アルヴァは、そうだといいんだけど、と言いながら前を向いた。
伸びる街道を歩いているのはルカたちだけだった。
馬車が端を歩くルカたちの横を抜けていった。時折、窓からルカたちに目をやる者もあったが、特に興味もなさそうにすぐに景色に目を移して通り過ぎていく。呼び止められることはまだなかったが、やはり街道を歩いているのは少し目立つ。
「交差点の町で、乗り合いの馬車でも見つけよう。あれは、物によっては身分証がいらないから」
アルヴァの声に頷きながら、ルカは前に目を凝らす。町はもうすぐそこだった。
小さいながら活気のあるこの町は、東西南北に延びる街道に沿った不思議な形をしている。そのまま素通りしていく馬車もあれば、馬を預けて町をぶらつく旅人もいた。
人混みを歩くルカの耳には、様々な情報が入ってくる。
『シレクス村が火に飲まれている』
『エレミアで結婚を祝う祭りがもうそろそろ始まる』
『王はご病気らしい』
『近々、処刑があるとかないとか』
などなど、飛び交う噂の中で、ルカたちの耳をひいたのは、昼食をとるために入った酒場で耳に入ってきた言葉だった。
『この先の橋で、王室魔導士が検問をしている』
酒場のマスターにその話をしていたのは、旅装の男だった。彼はくたびれた顔で、マスターに、橋の検問で追い払われた、と愚痴っていた。どうも、橋の向こうの村に向かっていたらしい男は、身分証がないために橋を渡らせてもらえなかったのだそうだった。

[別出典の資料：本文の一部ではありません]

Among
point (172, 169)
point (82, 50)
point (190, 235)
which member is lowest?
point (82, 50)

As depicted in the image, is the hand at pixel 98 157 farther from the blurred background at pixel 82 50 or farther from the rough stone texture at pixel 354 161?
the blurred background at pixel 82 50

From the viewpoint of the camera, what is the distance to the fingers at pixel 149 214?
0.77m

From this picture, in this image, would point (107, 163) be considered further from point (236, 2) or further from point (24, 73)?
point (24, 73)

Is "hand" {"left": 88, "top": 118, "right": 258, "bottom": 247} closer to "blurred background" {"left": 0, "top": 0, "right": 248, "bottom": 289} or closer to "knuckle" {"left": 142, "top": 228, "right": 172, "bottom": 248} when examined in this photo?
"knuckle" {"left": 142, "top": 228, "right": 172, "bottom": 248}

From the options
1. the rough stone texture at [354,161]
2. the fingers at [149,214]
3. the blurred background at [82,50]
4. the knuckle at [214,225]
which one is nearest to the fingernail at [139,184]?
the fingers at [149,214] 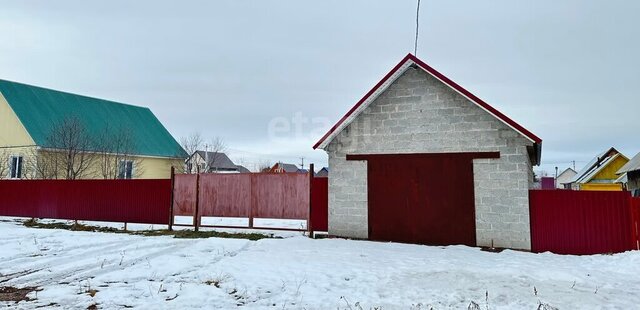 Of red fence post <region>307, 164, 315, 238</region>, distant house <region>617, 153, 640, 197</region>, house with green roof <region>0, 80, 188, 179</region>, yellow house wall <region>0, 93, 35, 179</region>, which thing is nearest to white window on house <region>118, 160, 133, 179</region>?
house with green roof <region>0, 80, 188, 179</region>

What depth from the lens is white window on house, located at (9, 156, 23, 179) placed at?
2575 centimetres

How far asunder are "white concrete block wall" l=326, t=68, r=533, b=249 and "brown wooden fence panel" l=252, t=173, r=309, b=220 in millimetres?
1104

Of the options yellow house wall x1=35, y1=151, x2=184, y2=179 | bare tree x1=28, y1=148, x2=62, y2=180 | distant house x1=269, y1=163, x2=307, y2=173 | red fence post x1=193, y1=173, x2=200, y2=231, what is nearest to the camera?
red fence post x1=193, y1=173, x2=200, y2=231

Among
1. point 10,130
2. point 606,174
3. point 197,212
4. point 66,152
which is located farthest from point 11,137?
point 606,174

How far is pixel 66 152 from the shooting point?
25.5 metres

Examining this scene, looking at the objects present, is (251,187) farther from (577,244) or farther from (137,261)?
(577,244)

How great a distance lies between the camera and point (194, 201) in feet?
46.0

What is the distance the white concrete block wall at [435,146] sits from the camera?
10.3m

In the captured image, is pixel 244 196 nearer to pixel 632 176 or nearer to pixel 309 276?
pixel 309 276

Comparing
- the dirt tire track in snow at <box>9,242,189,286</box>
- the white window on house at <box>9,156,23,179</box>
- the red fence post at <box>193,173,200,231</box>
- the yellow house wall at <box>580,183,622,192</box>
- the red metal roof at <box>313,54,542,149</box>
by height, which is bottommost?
the dirt tire track in snow at <box>9,242,189,286</box>

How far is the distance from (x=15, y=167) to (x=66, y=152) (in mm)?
3933

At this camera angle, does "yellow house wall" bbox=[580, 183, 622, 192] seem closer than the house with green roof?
No

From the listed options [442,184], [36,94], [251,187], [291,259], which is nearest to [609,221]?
[442,184]

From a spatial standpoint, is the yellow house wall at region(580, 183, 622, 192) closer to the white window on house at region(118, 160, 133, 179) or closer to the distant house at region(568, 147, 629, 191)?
the distant house at region(568, 147, 629, 191) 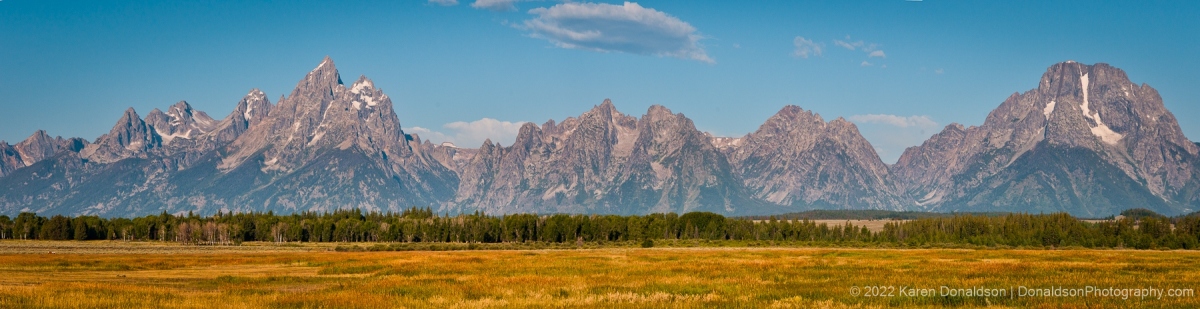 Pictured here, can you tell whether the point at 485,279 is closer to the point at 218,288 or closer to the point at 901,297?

そういう情報を得られたので、ルカたちはその交差点の町から西へ行くことなく、そのまま北上することを決めた。昼食をおえて早々に彼らは、馬車を借りることもなく再び街道を歩き始めた。
このまま北に行って、エレミアに行けるのか?
カレンの疑問は、ルカも不思議に思っていたところだった。
その疑問への答えを歩きながら説明してくれたアルヴァとケネス曰く、北の森を抜けた先にも橋が架かっているとのことだった。そこを通って砂漠方面に行けるのだそうだ。
それを言い出したケネスの歯切れが悪かったことと、アルヴァがほんの少し浮かない表情だったのが気にかかったルカだが、それを指摘しようとしたところで話が変わってしまった。
「そうだ、もう少し行くと街があったと思うんだ。そこで兜だったり服だったり、調達しなければな」
アルヴァの明るい声に、ルカは先ほどの話を蒸し返すこともできずに相槌を打つほかなかった。